Volunteers handed out thousands of green surgical masks this week to make a point about the pollution, but such masks likely have a limited impact on keeping out the tiny particles from people's lungs.

"This is truly a health emergency," said Anumita Roychowdhury, the executive director of research and advocacy at New Delhi's Centre for Science and Environment.

She said doctors in recent days have been dealing with a 20 percent spike in emergency hospital admissions from people suffering heart and lung problems. And that's in a city, she said, where one in every three children already has compromised lungs.

Seema Upadhyaya, who heads a primary school, said she has never before witnessed so many children suffering from respiratory illnesses as she has this year. That has prompted changes to the curriculum.

"It's impacting everybody," she said.

Authorities have been taking extraordinary measures to try to mitigate the immediate crisis. They have temporarily closed schools and stopped most trucks from entering the city.

The government put off a decision for rationing car usage starting Monday as pollution levels started coming down in the city, said Kailash Gahlot, New Delhi's transport minister.

But everyone agrees such measures don't address the root causes, which remain hard to solve.

Roychowdhury said the city's pollution has been trapped this week by a lack of wind at ground level, colliding winds in the upper atmosphere, and cooling temperatures.

Air quality typically gets worse at this time of year as nearby farmers burn fields and people build street fires to keep warm. The conditions this week prompted the capital's top elected official, Arvind Kejriwal, to describe his city as a "gas chamber."

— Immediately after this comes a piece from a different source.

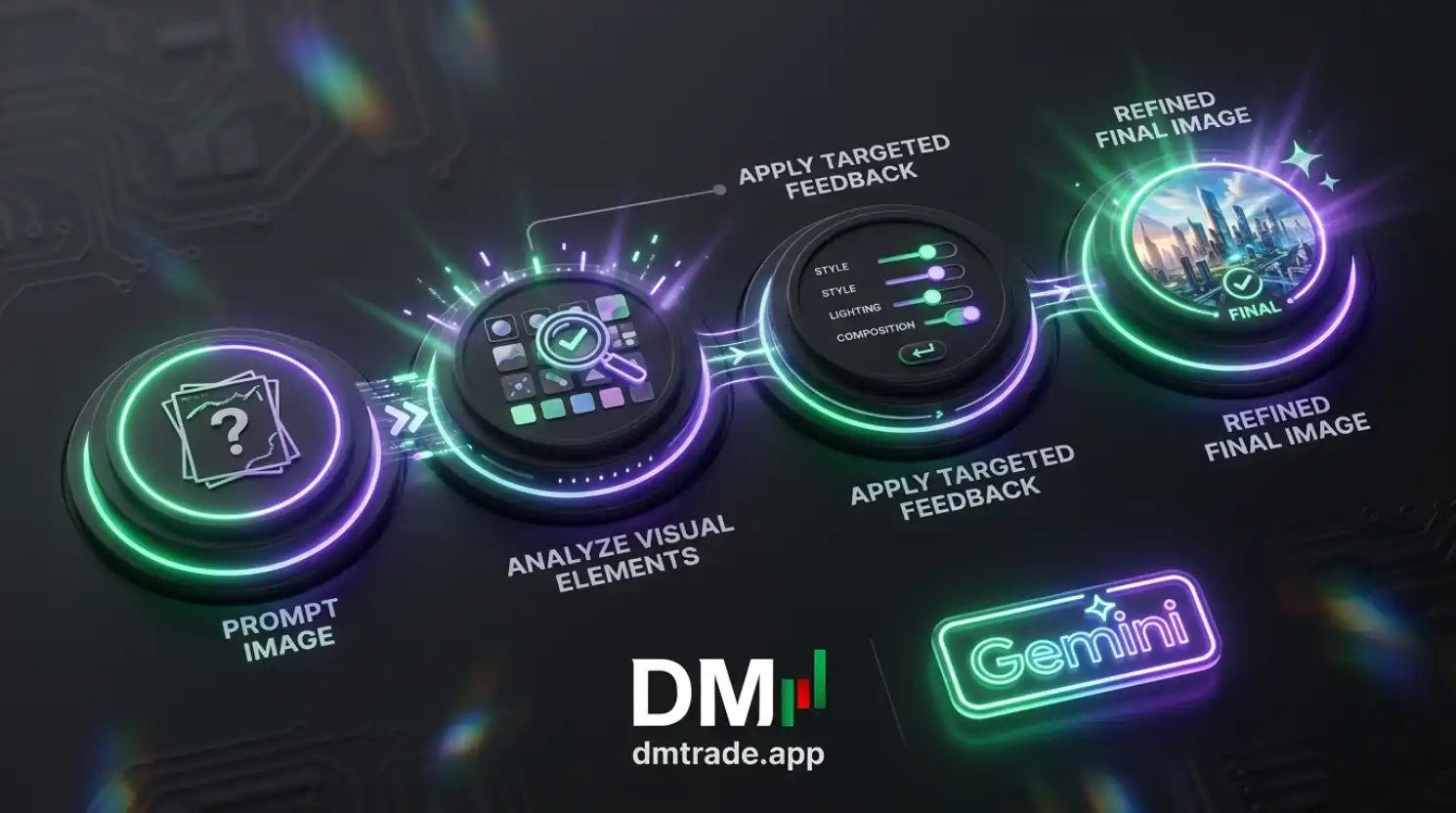 Workflow មេរៀនទី៨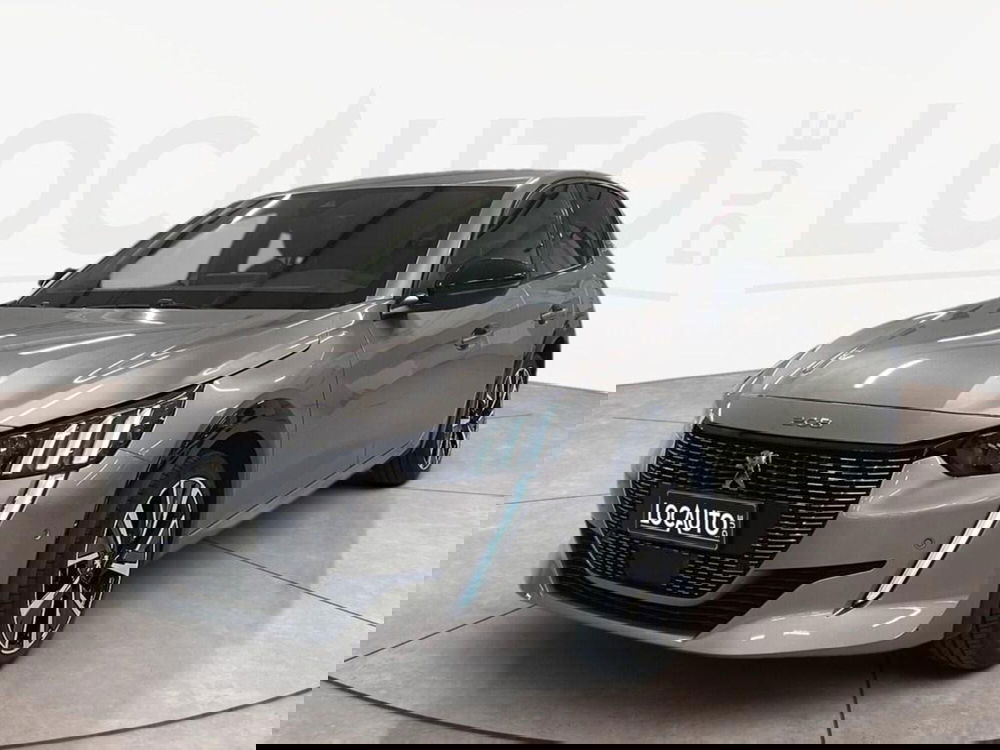 Peugeot 208 usata a Torino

While crop burning has been banned in and around the capital, officials say it's hard to punish impoverished farmers for continuing traditional methods that have been handed down through the generations.

Pandey said it's part of a broader problem in India.

"Your water is not healthy, your food is not healthy, your vegetables are polluted, they are poisoned," he said. "I mean, everything is polluted right now."

Roychowdhury said she is encouraged there is rising awareness of the air quality problem, both among residents and the medical community. But she says authorities need to do more.

She said officials have been asking people this week to use more public transport, but at the same time the city doesn't have enough buses and hasn't bought any new ones in recent years.

"What we are saying, and the Supreme Court has already asked for it, is that there should be a comprehensive plan for all sources of pollution," she said.

Meanwhile, people like Pandey say they are going to have to suffer through, because New Delhi is where they need to be based for work opportunities and their families.

"We are India, right?" he said. "We just try to survive in whatever condition we are in. That is how it is."